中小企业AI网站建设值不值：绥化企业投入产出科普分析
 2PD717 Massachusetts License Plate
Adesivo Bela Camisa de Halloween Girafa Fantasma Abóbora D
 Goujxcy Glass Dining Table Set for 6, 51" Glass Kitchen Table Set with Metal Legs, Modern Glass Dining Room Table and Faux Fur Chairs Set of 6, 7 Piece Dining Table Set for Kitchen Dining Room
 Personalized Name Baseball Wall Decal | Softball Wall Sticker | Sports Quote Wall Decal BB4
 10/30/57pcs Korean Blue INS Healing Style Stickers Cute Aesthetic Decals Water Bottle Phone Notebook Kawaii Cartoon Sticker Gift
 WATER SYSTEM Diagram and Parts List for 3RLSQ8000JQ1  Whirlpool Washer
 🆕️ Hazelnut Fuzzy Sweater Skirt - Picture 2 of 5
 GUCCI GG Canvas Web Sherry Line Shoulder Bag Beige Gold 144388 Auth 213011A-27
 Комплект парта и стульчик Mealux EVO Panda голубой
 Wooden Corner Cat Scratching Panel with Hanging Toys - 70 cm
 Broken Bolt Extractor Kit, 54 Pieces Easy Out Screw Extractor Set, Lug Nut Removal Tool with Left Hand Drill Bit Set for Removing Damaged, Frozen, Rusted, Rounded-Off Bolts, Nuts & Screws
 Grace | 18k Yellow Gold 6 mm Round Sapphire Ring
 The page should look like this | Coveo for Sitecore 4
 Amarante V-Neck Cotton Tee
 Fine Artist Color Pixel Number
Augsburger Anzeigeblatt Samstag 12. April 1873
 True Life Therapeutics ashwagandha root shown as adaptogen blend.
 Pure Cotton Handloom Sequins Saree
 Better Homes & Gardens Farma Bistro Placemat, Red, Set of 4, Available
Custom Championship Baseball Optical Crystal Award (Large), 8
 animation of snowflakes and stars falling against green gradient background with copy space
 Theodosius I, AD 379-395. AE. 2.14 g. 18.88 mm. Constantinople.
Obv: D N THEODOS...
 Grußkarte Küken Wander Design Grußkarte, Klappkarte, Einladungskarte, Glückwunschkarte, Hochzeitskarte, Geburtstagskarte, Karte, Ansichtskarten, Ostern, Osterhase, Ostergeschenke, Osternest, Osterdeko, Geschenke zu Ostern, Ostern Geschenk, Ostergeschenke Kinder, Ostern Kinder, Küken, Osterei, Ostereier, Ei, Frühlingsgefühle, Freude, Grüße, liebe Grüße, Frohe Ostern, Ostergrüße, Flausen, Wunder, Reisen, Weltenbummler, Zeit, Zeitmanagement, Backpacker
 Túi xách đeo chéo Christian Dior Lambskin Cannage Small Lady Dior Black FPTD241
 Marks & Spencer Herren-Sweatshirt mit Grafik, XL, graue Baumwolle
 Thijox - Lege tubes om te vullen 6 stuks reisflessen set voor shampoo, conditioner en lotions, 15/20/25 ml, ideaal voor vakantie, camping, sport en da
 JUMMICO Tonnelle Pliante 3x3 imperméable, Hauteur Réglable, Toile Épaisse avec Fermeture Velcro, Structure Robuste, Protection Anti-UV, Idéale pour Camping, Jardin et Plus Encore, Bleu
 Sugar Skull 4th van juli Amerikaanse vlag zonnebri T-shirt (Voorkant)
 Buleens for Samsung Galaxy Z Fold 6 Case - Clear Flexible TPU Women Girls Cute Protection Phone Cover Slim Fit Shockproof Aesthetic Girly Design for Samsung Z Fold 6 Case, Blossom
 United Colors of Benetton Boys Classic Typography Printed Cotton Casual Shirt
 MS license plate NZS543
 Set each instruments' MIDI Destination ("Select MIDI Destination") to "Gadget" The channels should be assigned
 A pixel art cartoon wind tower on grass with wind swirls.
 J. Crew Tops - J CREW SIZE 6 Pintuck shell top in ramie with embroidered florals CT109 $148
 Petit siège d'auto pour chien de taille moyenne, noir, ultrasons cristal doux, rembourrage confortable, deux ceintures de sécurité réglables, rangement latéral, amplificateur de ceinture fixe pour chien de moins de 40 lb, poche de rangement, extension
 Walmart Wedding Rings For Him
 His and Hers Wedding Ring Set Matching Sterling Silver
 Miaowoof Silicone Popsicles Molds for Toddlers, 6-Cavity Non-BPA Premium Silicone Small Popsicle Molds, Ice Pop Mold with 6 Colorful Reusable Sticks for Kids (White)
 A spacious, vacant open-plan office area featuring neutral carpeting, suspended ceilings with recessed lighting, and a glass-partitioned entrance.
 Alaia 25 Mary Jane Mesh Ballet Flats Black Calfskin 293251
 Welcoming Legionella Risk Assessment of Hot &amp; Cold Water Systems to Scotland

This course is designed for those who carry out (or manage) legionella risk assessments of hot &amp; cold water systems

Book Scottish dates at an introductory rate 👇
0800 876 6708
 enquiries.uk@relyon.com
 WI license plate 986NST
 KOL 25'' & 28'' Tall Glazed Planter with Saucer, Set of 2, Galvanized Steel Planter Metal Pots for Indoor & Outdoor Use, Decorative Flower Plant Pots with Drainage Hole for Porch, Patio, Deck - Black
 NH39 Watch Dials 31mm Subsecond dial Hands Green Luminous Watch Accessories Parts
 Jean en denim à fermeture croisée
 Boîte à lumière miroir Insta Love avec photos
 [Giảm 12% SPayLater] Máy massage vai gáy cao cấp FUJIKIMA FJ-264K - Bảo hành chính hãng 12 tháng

┄┄┄┄┄┄

### Assigned task
Could you say how many lines of the entries contain the string "avec"? Only the number should be given.

### Result of this exercise
2